C’est tellement dommage… En filmant le retour de légionnaires d’Afghanistan, Sarah Leonor aurait pu toucher le public sur un sujet d’actualité fort et percutant. Ces dernières années, la France s’engage dans des opérations armées sur de multiples fronts. Ces interventions ne sont pas sans poser question sur le plan démocratique. Et le cinéma par sa capacité à faire projection est le lieu parfait pour interroger l’inconscient collectif d’une nation, c’est ce que pratiquent avec plus ou moins de grâce des réalisateurs américains depuis des décennies.
Sous le signe de l’Hexagone, la démarche n’entre pas vraiment dans les codes et les narrations d’une certaine nouvelle qualité française. De film en film, on croise souvent cette volonté de suivre des personnages tout en mystère et en trouble, les construisant en creux avec une prédominance donnée aux caractères taiseux.

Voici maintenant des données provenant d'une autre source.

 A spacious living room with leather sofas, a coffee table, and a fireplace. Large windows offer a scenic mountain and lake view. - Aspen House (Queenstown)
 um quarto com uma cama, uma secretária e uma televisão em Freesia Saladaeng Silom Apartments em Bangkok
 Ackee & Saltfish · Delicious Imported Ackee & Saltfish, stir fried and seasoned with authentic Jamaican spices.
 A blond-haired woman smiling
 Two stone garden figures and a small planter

Il y a un goût de la sécheresse, un refus de l’emphase, qui paradoxalement en cherchant à fuir le cliché renvoie la psychologie la plus convenue qui soit.

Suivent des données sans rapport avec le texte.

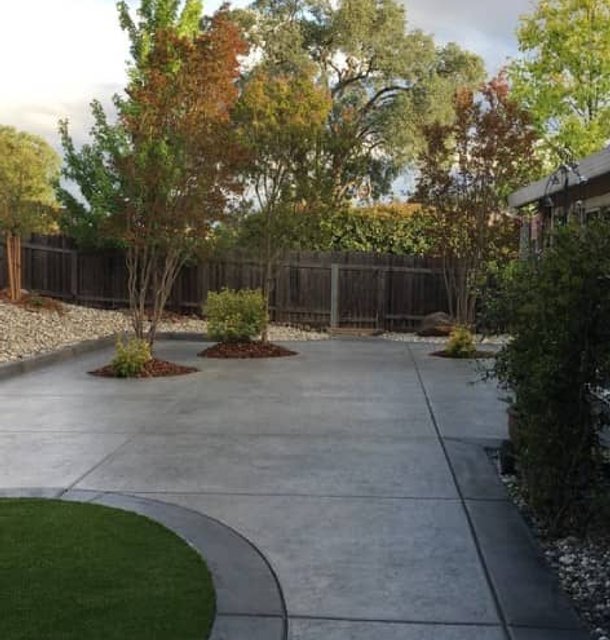 Front yard walkway with gravel edging and mulch beds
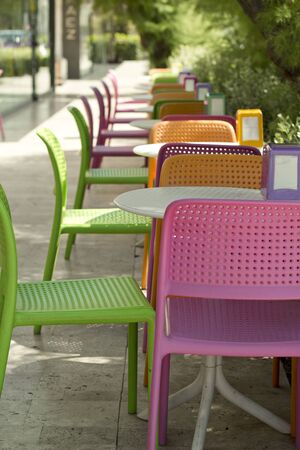 Plastic colorful tables and chairs in the cafe. The concept of foodの写真素材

Le Grand Homme ne met en scène la guerre que pendant quelques séquences introductives, évoque avec beaucoup de recul les effets qu’elle provoque chez les hommes qui la font, pour devenir au fil des minutes et des actes du récit scandés par des cartons une énième variation sur l’identité par le prisme du double. Jérémie Renier est à la hauteur de cet enjeu, réalisant même une des performances les plus convaincantes de sa carrière, alors que Surho Sugaipov se trouve bien empêtré par son absence de maîtrise du français et ses dialogues ânonnés du coup en phonétique. Leur relation amicale et légèrement ambiguë n’est pas déplaisante à suivre, mais ne relève tout simplement pas de ce qu’on est en droit d’attendre de par le sujet choisi.
Le grand père
Le plus troublant chez Sarah Leonor est cette recherche d’une virilité archaïque en l’homme. Dans Au voleur, elle filmait un Guillaume Depardieu incandescent en petit malfrat retirant du monde commun une professeure pour la conduire et l’aimer en pleine forêt. Ici, Jérémie Renier est également une sorte de renégat, pour avoir désobéi à ses supérieurs sur le terrain. Il est d’abord dans le registre de l’impuissance, puis reprend peu à peu de la vigueur à partir du moment où il prend l’identité de son ami et s’occupe du fils que celui-ci a laissé en chemin.
Pour Sarah Leonor, c’est cela être un « grand homme », comme le signale le dernier carton, c’est devenir père, transformant au passage un « bad boy » en réceptacle à émotions, à coloniser en quelque sorte le muscle par le sentiment. Il n’y a pas là d’élan de liberté, juste le renversement d’une approche traditionnelle qui voudrait qu’on soit une « grande femme » en devenant mère. Tordre un paradigme est déjà un mouvement. Mais si le principe du retournement est moderne, le fond n’en reste pas moins réactionnaire, bloqué dans une logique de reproduction qui détermine l’accomplissement d’un individu par son passage au statut de parent.